Of course, we would immediately recognize that phenomenon 1 would imply phenomenon 2 by the relativity principle. However, its explanation in classical mechanics is less straightfoward. Clearly, since the wire isn't moving, there is no magnetic force ($\mathbf {F} _{B}=q\mathbf {v} \times \mathbf {B}$ ). Thus, it must be the electric field creating the current. Somehow, a changing magnetic field must induce an electric field.

It turns out that the induced emf in all 3 cases is given by $\xi =-{\frac {\partial \Phi _{B}}{\partial t}}$ , where $\Phi _{B}$  is the magnetic flux. Most people would call this Faraday's Law, but this equation really encompasses two physical laws: the Lorentz Force Law, and the induction of electric fields. It is a miracle that the same equation would describe two different phenomena.

The direction of the induced current is given by Lenz's Law, which states that the induced current will try to oppose the change in flux. This explains the negative sign in Faraday's equation. Lenz's Law is necessary for the Law of Conservation of Energy to hold.

Consider a metal plate falling through a space between two magnets. As it is falling, the magnetic flux would change, giving rise to a induced current, also known as an eddy current. Lenz's Law tells us that this current will oppose the change in flux, and so the magnetic force would act upwards on the plate. Thus, its velocity will slow. This application is used to damp pendulums, and is important enough to be considered for motor design.

## How Generators Work

In an electric generator, a coil of wires is rotated in a magnetic field. As the coil rotates, the flux passing through a loop of the wire changes, and so a voltage is induced.

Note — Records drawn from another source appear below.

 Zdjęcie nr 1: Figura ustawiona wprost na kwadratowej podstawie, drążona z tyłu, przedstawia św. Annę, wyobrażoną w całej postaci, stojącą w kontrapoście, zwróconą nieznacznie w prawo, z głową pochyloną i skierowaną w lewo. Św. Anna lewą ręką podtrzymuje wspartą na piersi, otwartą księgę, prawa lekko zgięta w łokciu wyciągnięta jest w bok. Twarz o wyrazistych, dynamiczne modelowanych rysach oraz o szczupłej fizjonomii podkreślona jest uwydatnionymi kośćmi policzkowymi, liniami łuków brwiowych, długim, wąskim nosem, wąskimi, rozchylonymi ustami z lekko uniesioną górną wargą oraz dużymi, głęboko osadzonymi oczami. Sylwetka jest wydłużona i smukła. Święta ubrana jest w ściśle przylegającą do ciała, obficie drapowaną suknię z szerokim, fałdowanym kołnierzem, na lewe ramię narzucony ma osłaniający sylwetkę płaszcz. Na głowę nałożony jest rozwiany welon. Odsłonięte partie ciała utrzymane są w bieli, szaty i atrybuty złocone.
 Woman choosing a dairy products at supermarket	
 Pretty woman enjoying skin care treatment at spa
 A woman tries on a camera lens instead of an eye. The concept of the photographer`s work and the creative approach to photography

Suppose the coil has $N$  turns. Then the induced voltage is given by:

$\xi =-N{\frac {\partial \Phi }{\partial t}}$

By Lenz's Law, the resulting current flows in such a way that it will oppose the change in flux. Thus, if there were no external forces, the coil's rotation rate would slow down and eventually stop. This makes sense, for the current we induced carries energy, and because energy is conserved, the coil's rotation energy must decrease. Thus, a generator needs an external torque to turn the coil of wires.

### Real Generators

Real generators generally spin a large magnet inside a Coil, in Australia we use three phase generators, meaning that there are in fact three coils, at 120 degree spacings. These generators produce voltages in the thousands. They are powered by sources such as coal, oil, and hydroelectric. In some countries Nuclear Fission is used to produce steam which turns turbines.

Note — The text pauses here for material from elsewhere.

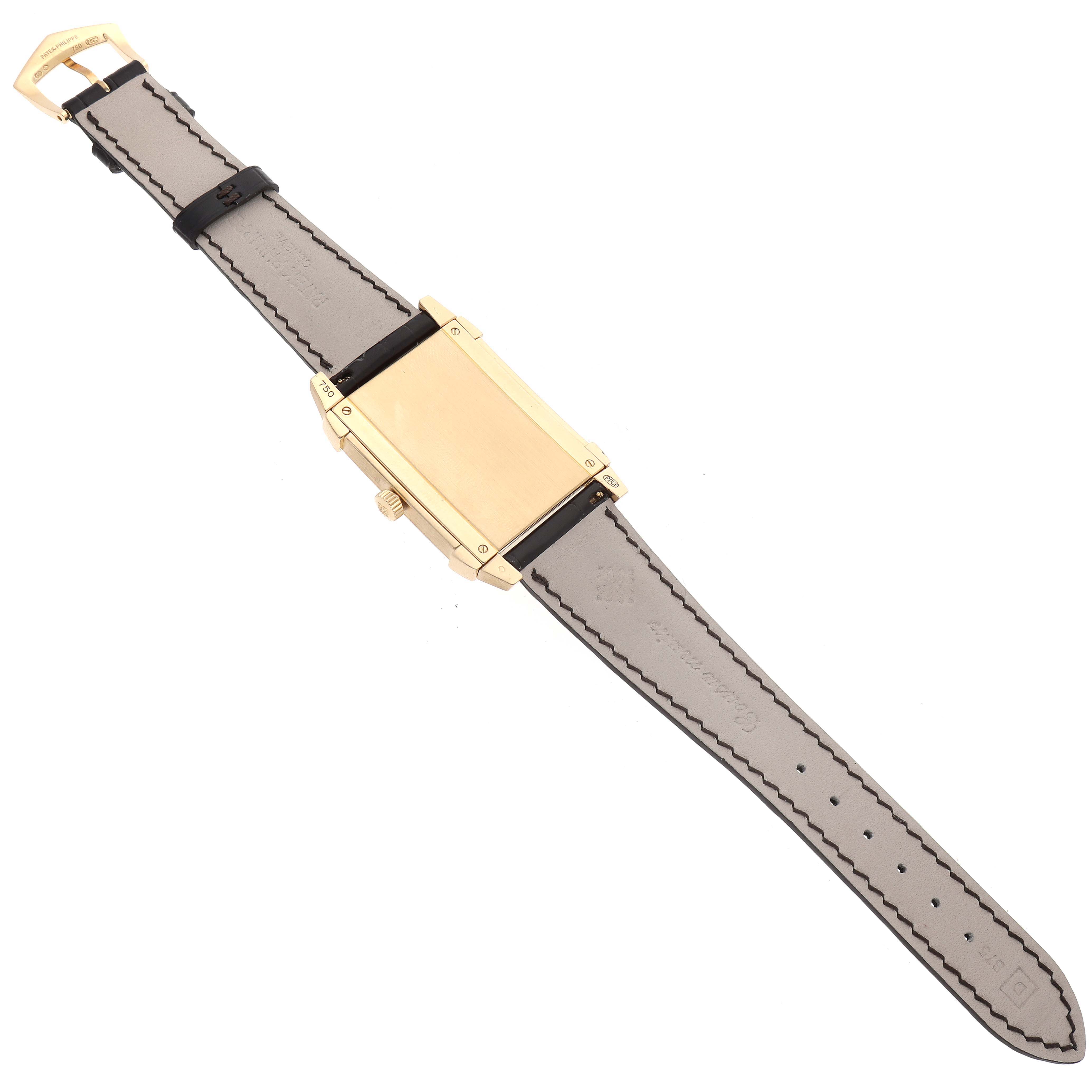 The image shows the underside of a Patek Philippe Gondolo 5111J Men's Yellow Gold Silver Dial 5111J Men's Yellow Gold Silver Dial model watch, highlighting the back case and strap.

Let us try to relate the emf with the electric field. As the electric field moves a charge down the wire, it does work $\mathbf {E} \cdot d\mathbf {l}$  per unit charge. The total work per unit charge it does in moving the charge through the wire must be the emf, so

$\xi =\oint _{\partial S}\mathbf {E} \cdot d\mathbf {l}$

The law of fluxes would then be:

$\oint _{\partial S}\mathbf {E} \cdot d\mathbf {l} =-{d\Phi \over dt}$

You might object, saying that the integral of an electric field along a closed path is always 0, or that the electric field is conservative, but that is only true for electrostatic fields. Induced electric fields are never conservative, and there is no way of defining a potential energy for induced electric fields. $E=-\nabla \phi$  becomes false.

Faraday's Law is considered one of Maxwell's Equations.

We can write it in its differential form by noting that $\int _{\gamma }\mathbf {F} \cdot d\mathbf {s} =\int _{A}(\nabla \times \mathbf {F} )\cdot d\mathbf {A}$ . Thus,

$\int _{\gamma }\mathbf {E} \cdot ds=\int _{A}(\nabla \times \mathbf {E} )\cdot d\mathbf {A} =\int _{A}-{\frac {\partial \mathbf {B} }{\partial t}}d\mathbf {A}$

so

$\nabla \times \mathbf {E} =-{\frac {\partial \mathbf {B} }{\partial t}}$